Table 3.1. The list of indicators analysed in this report
Indicator |
Unit of analysis |
Reference point |
---|---|---|
Climate mitigation |
||
1. Total greenhouse gas (GHG) emissions, level and percentage change |
TL2 and TL3 regions, FUAs of more than 500 000 inhabitants |
The 2030 emissions per capita target (4.7 tCO2‑eq) defined based on computations derived from the IEA NZE Scenario for advanced economies (IEA, 2021[1]) multiplied by 2030 population projection |
2. GHG emissions per capita, level and percentage change |
TL2 and TL3 regions, FUAs of more than 500 000 inhabitants |
The 2030 emissions per capita target (4.7 tCO2‑eq) defined based on computations derived from the IEA NZE Scenario for advanced economies (IEA, 2021[1]) |
4. GHG emissions by sector: share of total emissions, level, per capita and percentage change |
TL2 and TL3 regions, FUAs of more than 500 000 inhabitants |
The 2030 emissions per capita target by sector, defined based on computations derived from the IEA NZE Scenario for advanced economies (IEA, 2021[1]): agriculture 0.1 tCO2-eq/capita; buildings 0.4 tCO2-eq/capita; industry 1.7 tCO2-eq/capita; power 1.3 tCO2-eq/capita; transport 1.3 tCO2-eq/capita |
6. Electricity generation by source |
TL2 and TL3 regions |
100% of electricity generated from low-carbon sources. |
7. Carbon intensity of electricity generation |
TL2 and TL3 regions |
Carbon intensity of electricity generated by the lowest emission-intensive source, i.e. 11 grams of CO2-eq per kilowatt-hour (kWh) (wind). |
10. Emission intensity of the manufacturing industry |
TL2 and TL3 regions |
To be defined. |
11. Access to public transport |
Metropolitan areas (only largest metropolitan area in each OECD country) |
100% of the population with access to public transport. |
12. Private vehicle ownership |
TL2 and TL3 regions |
Best performers, e.g.. 385 vehicles for 1 000 inhabitants for TL2 regions. |
13. Electric and hybrid vehicle adoption |
TL2 and TL3 regions |
100% of electric or hybrid vehicle adoption. |
15. Built-up area growth |
TL2, TL3 regions, FUAs |
To be defined. |
16. Built-up area per capita |
TL2, TL3 regions, FUAs |
Best performers, e.g.. 65 square metres per capita for metropolitan areas. |
17. Difference between built-up area growth and population growth |
TL2, TL3 regions, FUAs |
To be defined. |
18. Waste generation |
TL2 and TL3 regions |
Best performers, e.g. 350 kg per capita per year for TL2 regions |
19. Waste recovery |
TL2 and TL3 regions |
100% of recycled municipal waste. |
Climate adaptation and resilience |
||
24. Heat stress exposure |
TL2 and TL3 regions, FUAs |
Mean number of days of different heat stress levels over 1981-2010. |
25. Urban heat island intensity (daytime and night-time) |
FUAs, SAUs |
To be defined. |
27. Burnt area by land cover type |
TL2 and TL3 regions |
Reference point defined as 0%. |
28. Forest exposure to wildfire danger |
TL2 and TL3 regions |
Reference point defined as 0%. |
29. Population exposure to river flooding |
TL2 and TL3 regions |
To be defined. |
30. Population exposure to coastal flooding |
TL2 and TL3 regions |
To be defined. |
31. Agricultural drought |
TL2 and TL3 regions |
Mean cropland soil moisture over 1981-2010. |
Climate mitigation
Most OECD regions are far from reaching climate neutrality
Recent GHG emission trends differ largely across and within OECD countries.
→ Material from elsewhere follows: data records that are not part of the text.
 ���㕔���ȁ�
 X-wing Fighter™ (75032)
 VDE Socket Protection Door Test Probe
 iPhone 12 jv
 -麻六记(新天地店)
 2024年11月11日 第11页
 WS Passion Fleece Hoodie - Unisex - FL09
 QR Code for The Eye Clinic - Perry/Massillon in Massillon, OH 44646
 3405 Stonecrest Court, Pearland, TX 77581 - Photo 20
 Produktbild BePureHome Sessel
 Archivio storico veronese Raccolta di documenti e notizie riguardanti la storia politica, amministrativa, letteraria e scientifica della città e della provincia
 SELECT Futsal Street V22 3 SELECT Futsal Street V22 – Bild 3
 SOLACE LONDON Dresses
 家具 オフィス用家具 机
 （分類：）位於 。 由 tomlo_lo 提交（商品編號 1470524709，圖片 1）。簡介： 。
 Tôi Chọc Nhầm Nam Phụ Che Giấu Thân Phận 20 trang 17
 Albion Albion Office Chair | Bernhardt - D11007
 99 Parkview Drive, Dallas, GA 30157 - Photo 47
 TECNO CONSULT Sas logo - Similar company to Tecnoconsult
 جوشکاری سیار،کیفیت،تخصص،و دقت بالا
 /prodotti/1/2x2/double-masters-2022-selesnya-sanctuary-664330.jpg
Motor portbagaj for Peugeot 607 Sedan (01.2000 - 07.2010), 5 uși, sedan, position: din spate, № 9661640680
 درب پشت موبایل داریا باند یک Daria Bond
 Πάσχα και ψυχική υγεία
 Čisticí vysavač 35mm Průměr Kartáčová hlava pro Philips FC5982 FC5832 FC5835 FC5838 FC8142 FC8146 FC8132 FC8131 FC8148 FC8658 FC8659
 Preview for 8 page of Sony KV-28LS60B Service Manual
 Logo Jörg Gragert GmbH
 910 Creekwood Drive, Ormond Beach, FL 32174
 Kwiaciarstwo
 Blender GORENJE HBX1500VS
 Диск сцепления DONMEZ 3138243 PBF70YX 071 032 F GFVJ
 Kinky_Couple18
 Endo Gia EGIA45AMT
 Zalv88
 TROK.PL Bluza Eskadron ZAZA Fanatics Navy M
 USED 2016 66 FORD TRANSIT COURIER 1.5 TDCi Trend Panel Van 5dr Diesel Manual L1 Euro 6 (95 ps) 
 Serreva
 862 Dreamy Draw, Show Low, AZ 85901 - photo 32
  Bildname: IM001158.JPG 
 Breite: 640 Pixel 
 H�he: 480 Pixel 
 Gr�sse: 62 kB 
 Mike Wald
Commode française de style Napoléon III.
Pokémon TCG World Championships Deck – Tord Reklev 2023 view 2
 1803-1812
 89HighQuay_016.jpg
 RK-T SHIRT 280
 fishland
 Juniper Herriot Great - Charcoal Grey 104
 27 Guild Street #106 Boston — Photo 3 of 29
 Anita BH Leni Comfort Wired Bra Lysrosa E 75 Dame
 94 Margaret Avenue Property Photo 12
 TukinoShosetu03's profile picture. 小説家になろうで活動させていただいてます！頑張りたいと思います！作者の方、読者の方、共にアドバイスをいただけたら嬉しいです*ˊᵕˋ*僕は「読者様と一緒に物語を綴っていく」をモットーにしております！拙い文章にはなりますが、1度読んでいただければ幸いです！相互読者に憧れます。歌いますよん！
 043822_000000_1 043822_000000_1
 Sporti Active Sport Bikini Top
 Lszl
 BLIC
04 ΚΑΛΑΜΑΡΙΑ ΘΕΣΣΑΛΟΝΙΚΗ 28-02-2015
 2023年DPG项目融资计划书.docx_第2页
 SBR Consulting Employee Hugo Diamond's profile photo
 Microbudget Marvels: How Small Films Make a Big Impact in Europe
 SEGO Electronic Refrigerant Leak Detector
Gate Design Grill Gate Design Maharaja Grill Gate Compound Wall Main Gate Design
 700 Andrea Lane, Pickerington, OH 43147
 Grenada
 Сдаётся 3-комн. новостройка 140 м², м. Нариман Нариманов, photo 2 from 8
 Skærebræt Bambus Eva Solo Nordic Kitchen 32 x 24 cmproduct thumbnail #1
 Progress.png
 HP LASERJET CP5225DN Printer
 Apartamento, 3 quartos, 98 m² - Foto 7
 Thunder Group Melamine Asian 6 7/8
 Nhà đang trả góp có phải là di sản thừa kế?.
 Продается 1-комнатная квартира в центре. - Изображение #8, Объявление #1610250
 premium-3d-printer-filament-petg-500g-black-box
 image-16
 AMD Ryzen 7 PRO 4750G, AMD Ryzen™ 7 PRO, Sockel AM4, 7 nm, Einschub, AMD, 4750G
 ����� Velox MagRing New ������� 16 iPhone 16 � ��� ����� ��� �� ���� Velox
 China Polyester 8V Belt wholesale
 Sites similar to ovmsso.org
From 1990 to 2018, production-based emissions in Chile, Israel, Korea and Türkiye more than doubled, while those in the Baltic states and the United Kingdom decreased by more than 40%. In 40% of OECD large regions, emissions dropped, while in 25% of the regions, emissions increased by more than 50%. For example, in Korea, emissions in the Chungcheong region have increased 3 times since 1990, while those in Jeju increased by 38% (Figure 3.1 and Figure 3.2).
When comparing emission trends in OECD regions with the nationally determined contributions (NDCs) set at the national level, OECD large regions will have, on average, to cut their emissions by 35% by 2030 compared to 2018. This assumes the same regional distribution of emissions in 2030 as in 2018. When now looking at the more ambitious target of 4.7 tCO2-eq per person derived from the IEA NZE Scenario, OECD regions will have, on average, reduced their emissions by a factor of 2.8 by 2030. In 2018, only 61 out of the 432 OECD large regions registered lower production-based emissions per capita than the required 4.7 tCO2-eq per capita. In 40% of the regions, emissions per capita were higher than 10 tCO2-eq.
Regional disparities are particularly important in the United States, where emissions per capita ranged from 3.6 tCO2-eq in the District of Columbia to 180.7 tCO2-eq in North Dakota (the latter probably due to its shale oil industry). Large regional disparities in emissions per capita also exist in other OECD countries, such as Canada, the Netherlands and New Zealand (Figure 3.1 and Figure 3.2).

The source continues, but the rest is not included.